I came up with one good one like two years ago that I still brag abut cause it's all I got: The boiling pot. Illusory floor drops the party in a pit of water, real floor then slides into place trapping them in as the water temperature starts to rise.

I steal a lot of ideas for this stuff from published adventures and now I wanna steal your ideas too if you've got some good ones to share. Just any engaging trap or environmental hazard ideas you have in general.

Also would't mind a couple I can throw into a oneshot I'll be doing this weekend: Takes place partly in an abandoned frost giant steading now occupied by ice goblins (who can rapidly freeze water or melt ice at will) ending with an expedition down a deep shaft to recover the remains of a large magical device that was cast down it.

ShuckedAeons
2020-07-30, 04:24 PM
I think it was written in a book, but I for the life of me can’t remember the edition.

Essentially the trap is that you have a boulder rolling down a slope Indiana Jones style, the catch is that at the bottom of the slope is a magic tune that teleports the stone back to the top. There can be crevices to hide in or any flavor you want to add, but unless the cycle is broken then that rock will keep picking up speed and preventing further passage.

Man_Over_Game
2020-07-30, 04:32 PM
Traps are just a triggered effect.

A triggers -> B happens.

Player response is what they're allowed to do in between the two. All you really need for a good trap (hell, good game mechanics), is just the option to react to the trigger before the effect happens.

That could be time, or it could just be a list of options that your players can immediately decide on, or something along those lines. You can even have no response between the trigger and the effect (such as being ambushed), as long as there was something the players could interact with leading up to the trigger (like clues). For a trap to be allowed to have it's effect, it must have had a reasonable possibility of disruption.

Although the easiest method is just inserting time between the trigger and the effect, which is easily handled by physics. Physics generally leave a lot of options to interact with, and time is an easily manageable throttle on difficulty. Problem with making stuff that doesn't utilize time or physics is that it means the DM is basically having to think about everything the players could do, instead of the players doing the work for him. When you try to use in-game mechanics, or magic physics, or "someone's opinion of the players", etc., you're basically deciding that you're going to be doing a ton more work with fewer player options.

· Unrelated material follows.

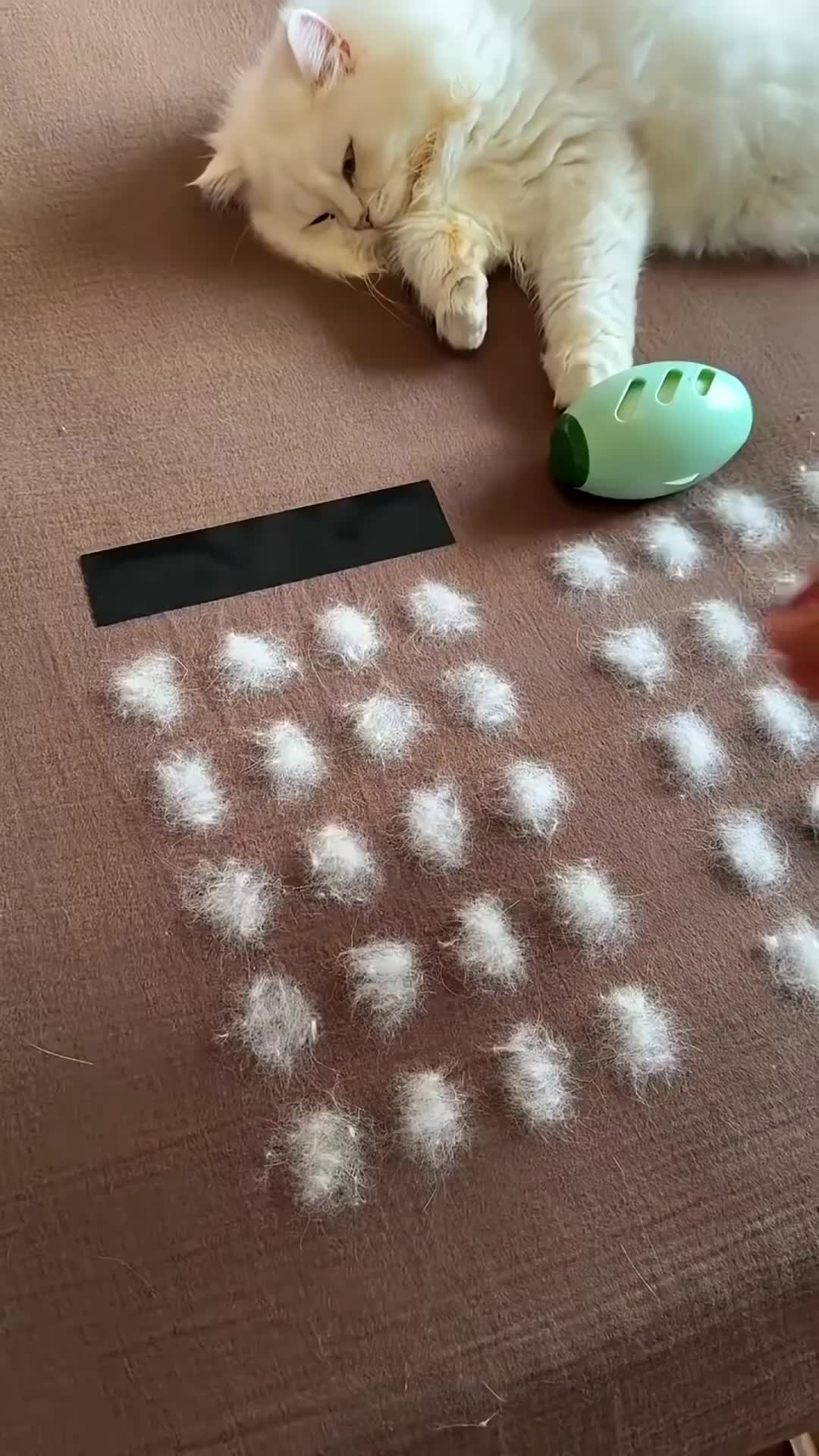 @Funny Highlights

For example, illusory boulder chases a group of players down a tunnel, where the floor eventually leads into a illusory floor panel that's actually a spike trap. While the sounds and visuals are real, anyone who keeps their wits about them would recognize that the floor isn't shaking and the tunnels aren't taking damage from the boulder. Other options include trying to stop the boulder, or reacting to the sudden dropoff from the floor from being agile.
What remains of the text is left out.